Mutual accountability means creating safe and firm mechanisms for partners to track and reflect on shared commitments. This is demonstrated well in the Darling example: when structural barriers to establishing the energy farm were identified, the issue was escalated to the appropriate governance level to unlock that solutions. This capability for collaborative governance helps partners shift from asking ‘who failed?’ to ‘what in the system prevented delivery?’ In the case of municipal performance, this is a far more relevant question to ask.

Municipal performance is not only about internal competence. It is also shaped by the architecture within which municipalities operate. Internal capacity constraints and compliance demands limit the time available for meaningful engagement across stakeholders and spheres of government. Reporting frameworks are essential for accountability, yet they can reduce the space for collective reflection and joint problem-solving. Provincial support and oversight play a critical role in strengthening local government, but the effectiveness of that support often depends on alignment of mandates, timing and resources across departments. Similarly, national reform agendas can introduce necessary change, yet without accompanying fiscal or technical recalibration they may be difficult to operationalise locally.

So, when we ask why municipalities are struggling, I find myself wanting to widen the lens.

Are provinces consistently stepping into their support mandate in ways that strengthen institutional capability rather than simply monitor it? Are fiscal reform conversations happening alongside energy reform, or are municipalities expected to absorb revenue shocks without structural adjustment? When we incentivise private participation and BEE implementation, are we designing those incentives to reinforce municipal viability, or inadvertently bypass it?

This is not an argument against scrutiny; corruption must be addressed; poor governance must be corrected. The Auditor-General’s role remains central. But if the broader ecosystem is misaligned, local government will continue to absorb pressures it cannot resolve alone.
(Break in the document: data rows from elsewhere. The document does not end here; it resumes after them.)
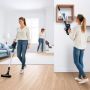 Вертикальный+ручной пылесос (2в1) Bosch BBS611PCK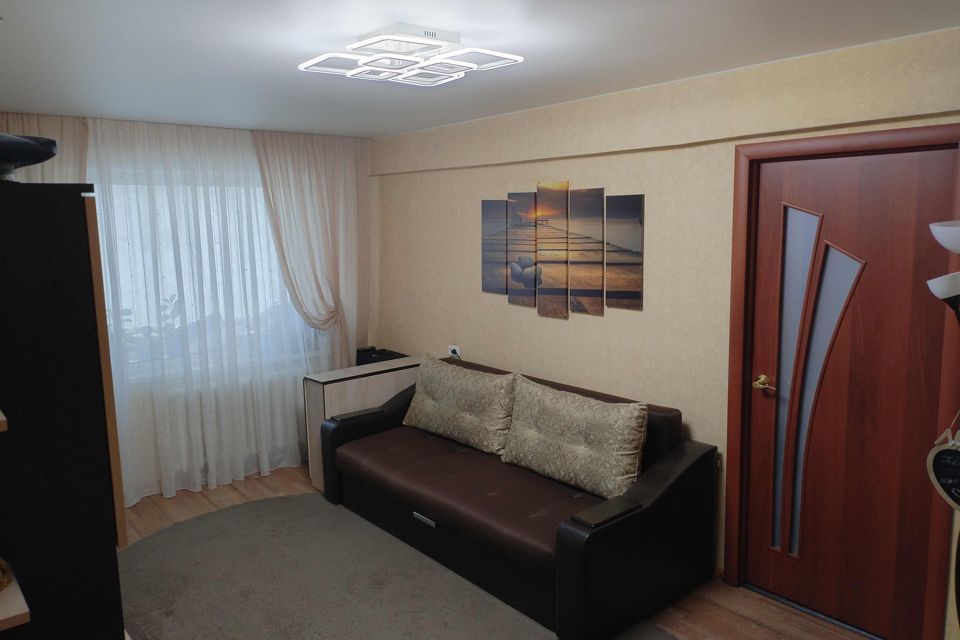 Продаётся 2-комнатная квартира, 45.7 м²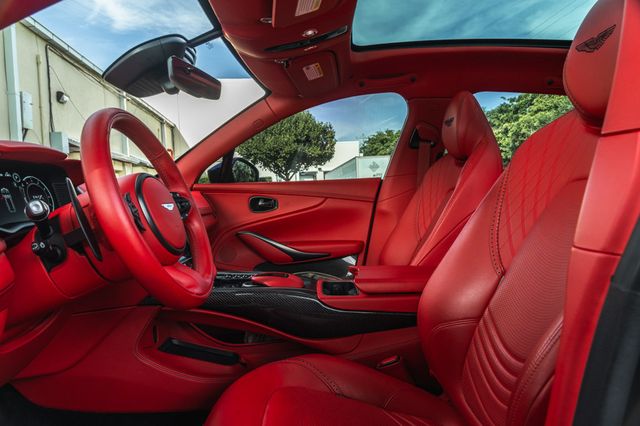 2022 Aston Martin DBX AWD - 22939665 - 13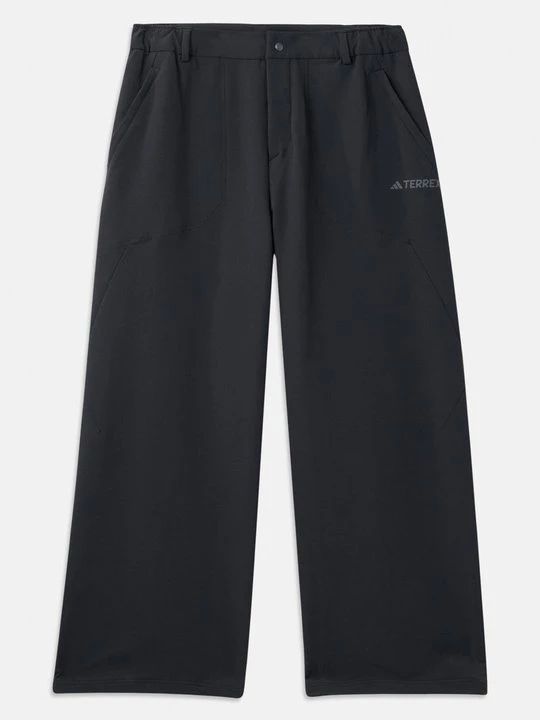 Foto van product Broek Adidas Terrex zwart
The phrase “run municipalities like businesses” surfaces often. Yet businesses operate under very different assumptions. They can exit unprofitable markets. They can adjust pricing more freely. They are not constitutionally obligated to deliver universal access while simultaneously advancing transformation and economic inclusion. Municipalities are asked to do all of this at once and sometimes have to do it alone.

If we want our municipalities to function with the discipline and performance of high-quality enterprises, then the surrounding systems must make that possible. Incentives must align. Fiscal frameworks must evolve. Peer learning must be resourced, not incidental. Provincial and national roles must be exercised consistently and coherently.
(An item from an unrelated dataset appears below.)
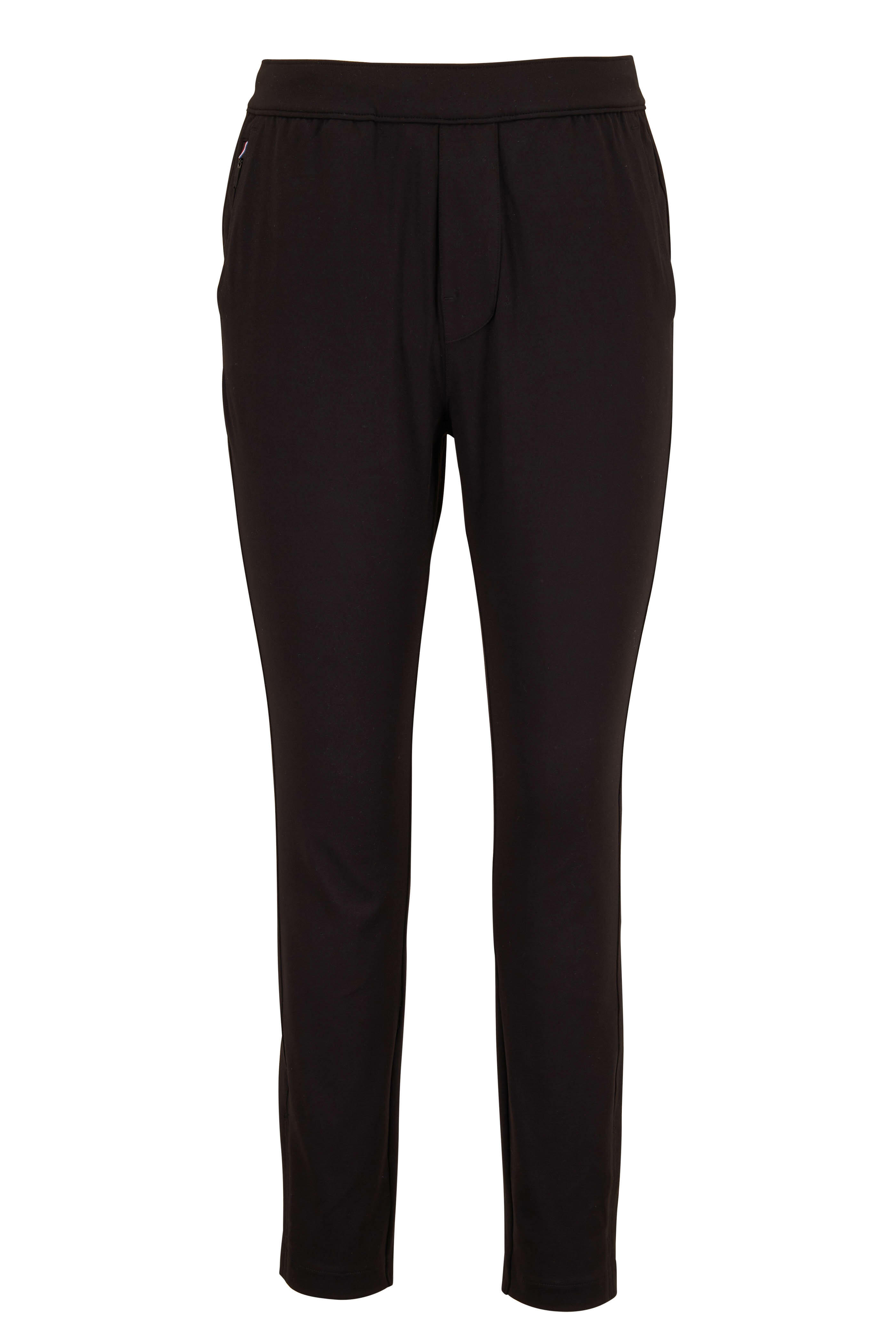 Fourlaps - Equip Black Pant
The more I sit with this, the more I realise it leaves me with more questions than answers. This complexity is precisely why I am drawn to this work. Building system capabilities for collaborative governance sits at the intersection of policy ambition, fiscal reality, political accountability and lived experience. Is this the only solution? Probably not. I am increasingly aware of how complex this intersection is. But I am convinced that improvement will not come from isolating one sphere government and demanding better performance in abstraction. It will come from better coordinated system architecture. From recognising we need mutual accountability for municipal performance. From building systems that enable collaborative capability, not chase compliance.

That is the tension I am paying attention to right now. Not whether municipalities should perform better, they should.

But how the rest of the system can step forward to make that performance possible.